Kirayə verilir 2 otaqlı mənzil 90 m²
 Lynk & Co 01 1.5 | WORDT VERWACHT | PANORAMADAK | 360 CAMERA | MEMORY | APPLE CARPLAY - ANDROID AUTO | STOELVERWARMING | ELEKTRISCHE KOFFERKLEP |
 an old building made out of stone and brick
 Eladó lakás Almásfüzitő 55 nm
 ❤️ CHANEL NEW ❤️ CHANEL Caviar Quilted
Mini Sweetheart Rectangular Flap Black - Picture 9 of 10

-------

## What the task requires
Give all the records again. Match them exactly.

## Your solution
Kirayə verilir 2 otaqlı mənzil 90 m²
 Lynk & Co 01 1.5 | WORDT VERWACHT | PANORAMADAK | 360 CAMERA | MEMORY | APPLE CARPLAY - ANDROID AUTO | STOELVERWARMING | ELEKTRISCHE KOFFERKLEP |
 an old building made out of stone and brick
 Eladó lakás Almásfüzitő 55 nm
 ❤️ CHANEL NEW ❤️ CHANEL Caviar Quilted
Mini Sweetheart Rectangular Flap Black - Picture 9 of 10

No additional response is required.